Intifada gegen die Mullahs

Die aufsehenerregenden Bemühungen der iranischen Regierung um ein Atomprogramm verdecken die gewaltsame Umsiedlung Hunderttausender arabischstämmiger Iraner in der Provinz Khuzestan. Von Joseph Croitoru

Bombenanschlag in Ahwaz vom Januar 2006; Foto: AP
Militanter Widerstand der Ahwazis gegen die Zentralregierung in Teheran? Bombenanschlag auf eine Bank im Stadtzentrum von Ahwaz

​​Die arabischstämmige Bevölkerung lebte bis vor einigen Jahren noch ethnisch weitgehend homogen im Südwesten Irans - vornehmlich im südlichen Teil der erdölreichen Provinz Khuzestan. Zu den Iranern arabischer Abstammung zählen rund viereinhalb Millionen Menschen, also etwas mehr als fünf Prozent der iranischen Bevölkerung von insgesamt 69 Millionen.

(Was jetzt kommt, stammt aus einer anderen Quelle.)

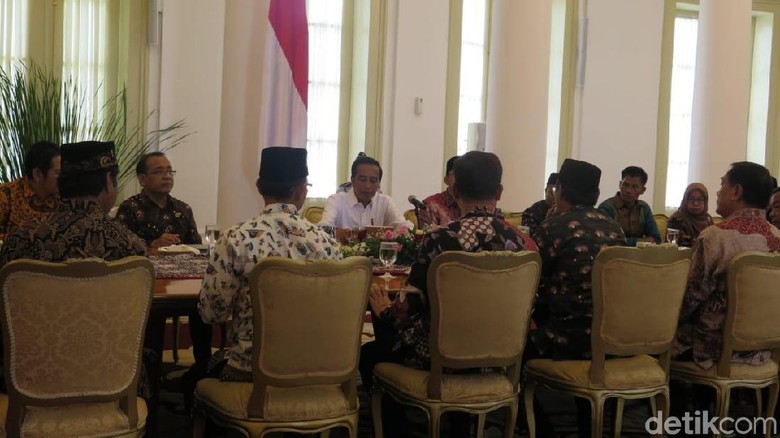 Bertemu di Istana, Ketum FBR Berterima Kasih ke Jokowi Bertemu di Istana, Ketum FBR Berterima Kasih ke Jokowi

Zwar leiden auch Angehörige anderer ethnischer Minderheiten im Iran wie die Azeris, Belutschen, Kurden oder Turkmenen unter Diskriminierung, kultureller Unterdrückung und planmäßiger Umsiedlungen, doch scheint es die Arabischstämmigen bislang am härtesten getroffen zu haben.

"Zwangsiranisierung"

Seit 1999, verstärkt aber in den letzten Jahren, sind mehr als eine Million von ihnen zwangsumgesiedelt und von der Provinz Khuzestan mit ihrer Hauptstadt Ahwaz auf verschiedene Provinzen verteilt worden.

Der Bevölkerungstransfer ist offenbar Teil eines umfassenden Plans, der sowohl auf die Zwangsiranisierung dieser Volksgruppe als auch auf die Re-Iranisierung ihres bisherigen Hauptsiedlungsgebiets abzielt.

Zu diesem Zweck werden nicht nur Maßnahmen gegen die regionale demographische Konzentration dieser Minorität ergriffen; anstelle der transferierten Araber werden von der Regierung obendrein systematisch Iraner persischer Abstammung angesiedelt, von denen sich die Machthaber wohl eine größere Loyalität versprechen - ist doch die Provinz Khuzestan, wo mehr als 80 Prozent des iranischen Erdöls gewonnen wird, für sie von besonderer strategischer volkswirtschaftlicher Bedeutung.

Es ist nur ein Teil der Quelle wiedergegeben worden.